Implicit Differentiation

Theory

At convergence, $x^*(\theta)$ satisfies the first-order optimality condition

\[\nabla_x f(x^*; \theta) = 0\]

on the optimal face. By the implicit function theorem:

\[\frac{\partial x^*}{\partial \theta} = -[\nabla^2_{xx} f]^{-1} \nabla^2_{x\theta} f\]

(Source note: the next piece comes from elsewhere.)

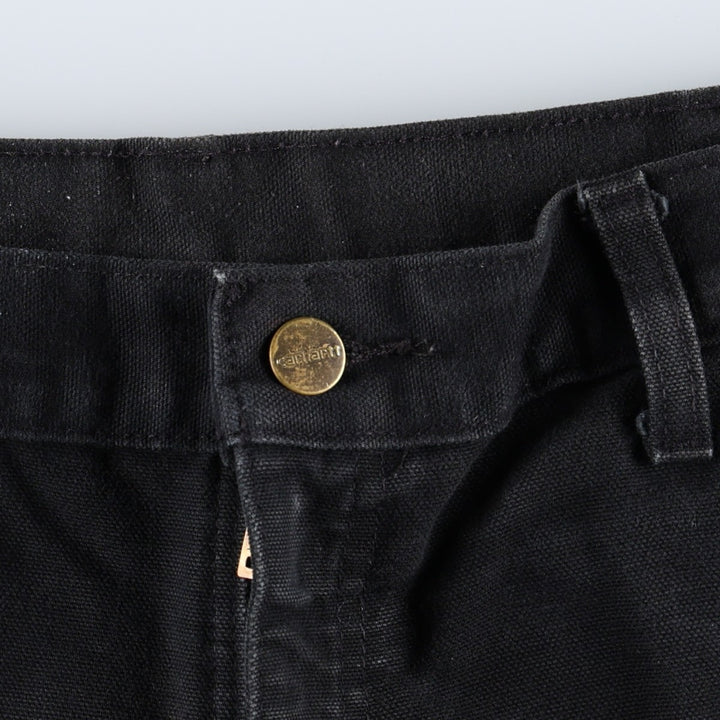 Carhartt Duck Painter Pants, Men's, W35 equivalent unclear black type Vintage Second Hand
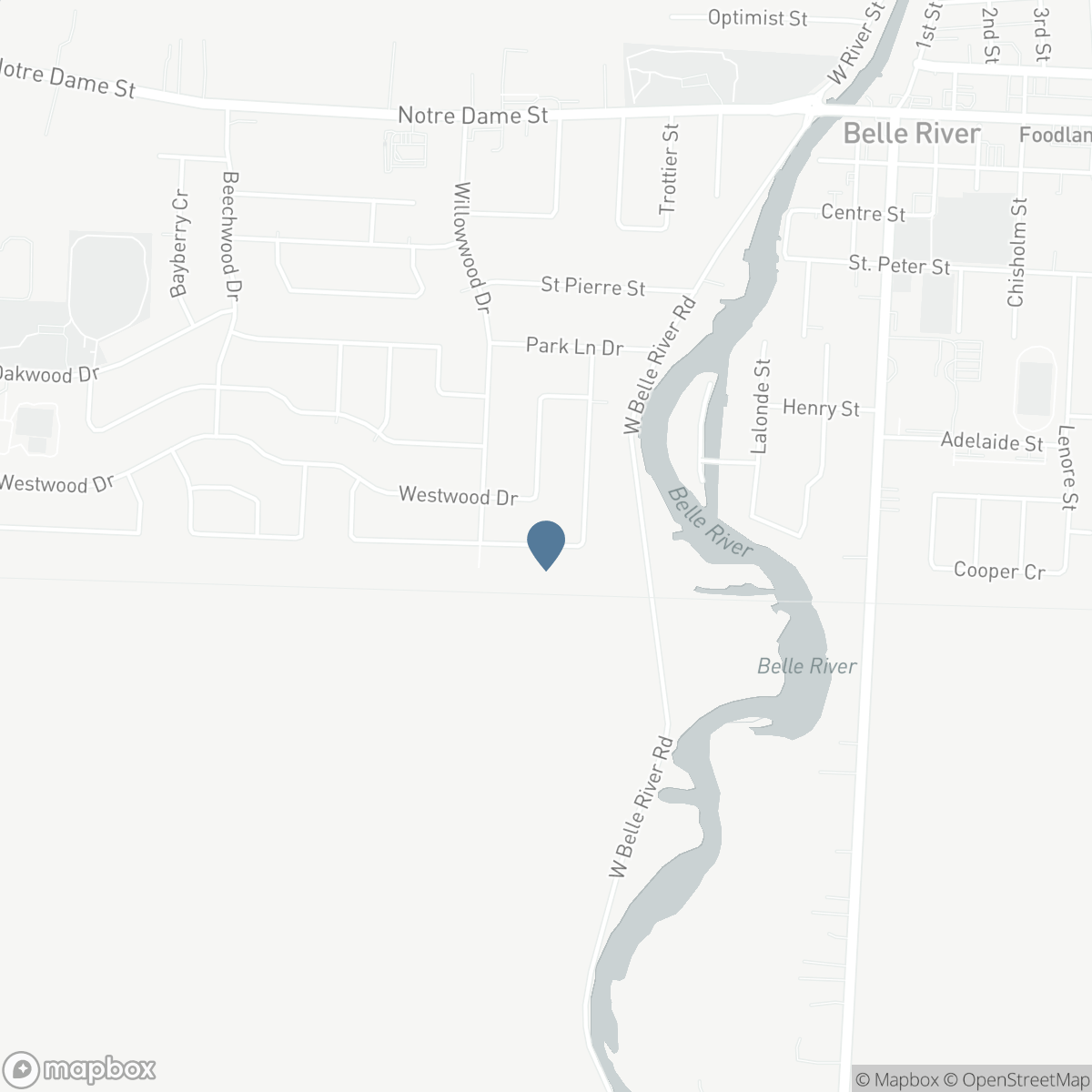 859 SOUTHWOOD DRIVE, Belle River, Ontario N8L 1G1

For the pullback (reverse mode), given cotangent $dx$:

\[d\theta = -\left(\frac{\partial \nabla_x f}{\partial \theta}\right)^\top u, \quad \text{where } \nabla^2_{xx} f \cdot u = dx\]

Implementation

The CG linear solve and cross-derivative computation use DifferentiationInterface:

OperationMapBest modeDI function
Gradient of $f$ (auto)$\mathbb{R}^n \to \mathbb{R}$ForwardDI.gradient!
HVP in CGJVP of $\mathbb{R}^n \to \mathbb{R}^n$ForwardDI.hvp
Cross-derivativegradient of $\theta \mapsto \langle \nabla_x f, u \rangle$Forward or ReverseDI.gradient

The Hessian system is solved by conjugate gradient (CG) with Hessian-vector products, avoiding explicit Hessian construction. Tikhonov regularization $(\nabla^2_{xx} f + \lambda I)$ ensures well-conditioned systems near singular Hessians.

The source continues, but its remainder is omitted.